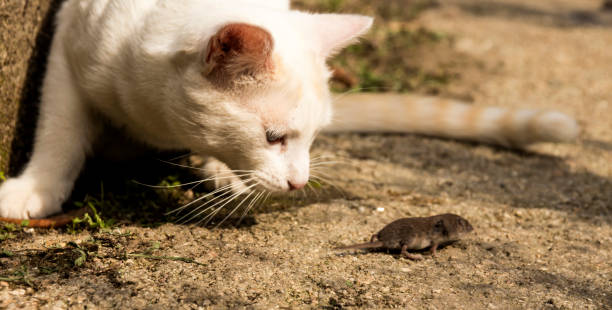 istock Cute white cat chases a little mouse that runs away 1287473073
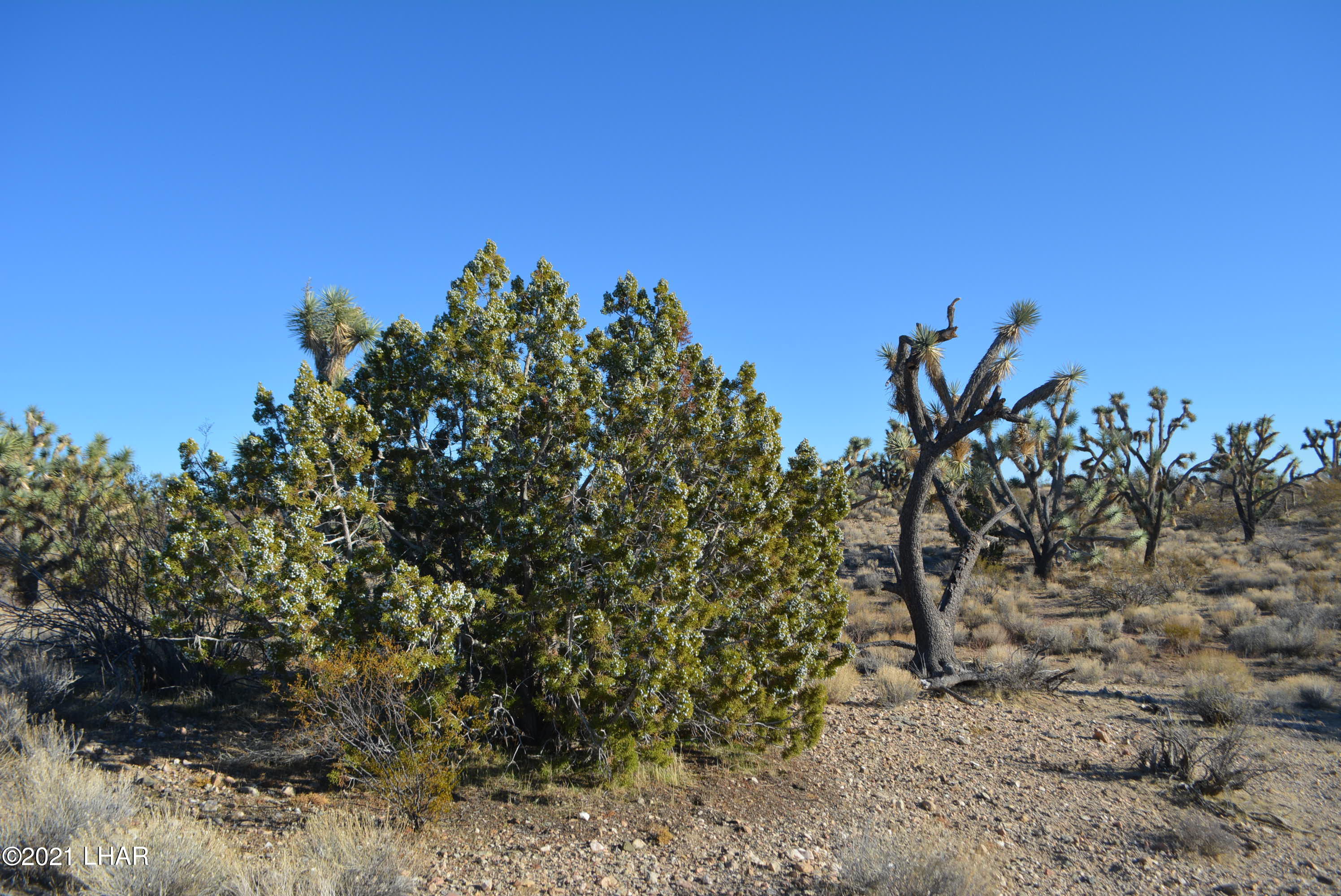 2082 South Roadrunner Road Yucca, AZ 86438 - Photo 30 of 30 DSC_0821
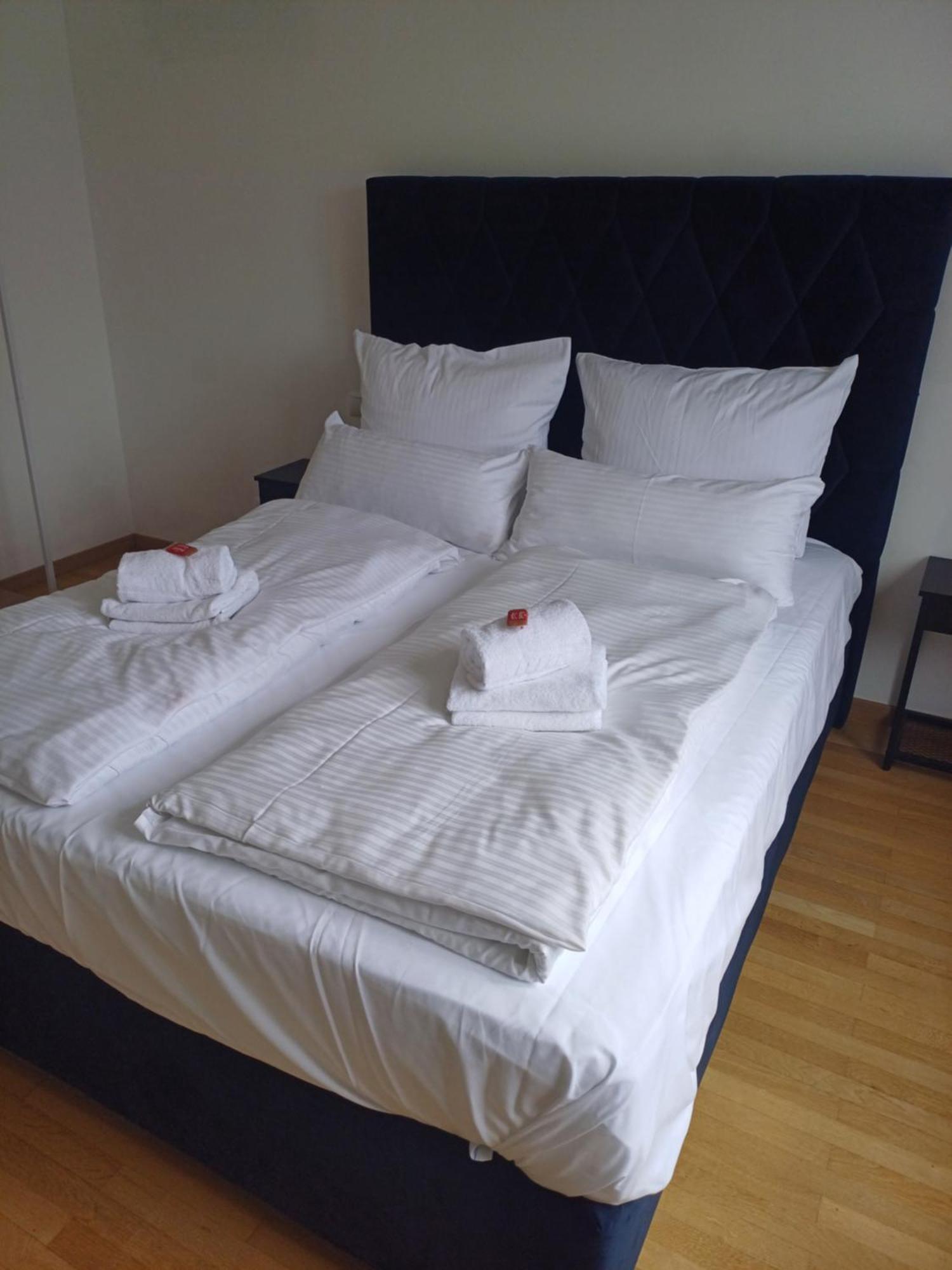 Crown Living Design Apartment - 2 Schlafzimmer - Kueche - Gratis Parkplatz - Abstellraum Fuer Fahrraeder/Ski Mader المظهر الخارجي الصورة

========================================

WORK REQUEST:
Set down each line of the material exactly and skip every image.

RESULT FOR THIS TASK:
 istock Cute white cat chases a little mouse that runs away 1287473073
 2082 South Roadrunner Road Yucca, AZ 86438 - Photo 30 of 30 DSC_0821
 Crown Living Design Apartment - 2 Schlafzimmer - Kueche - Gratis Parkplatz - Abstellraum Fuer Fahrraeder/Ski Mader المظهر الخارجي الصورة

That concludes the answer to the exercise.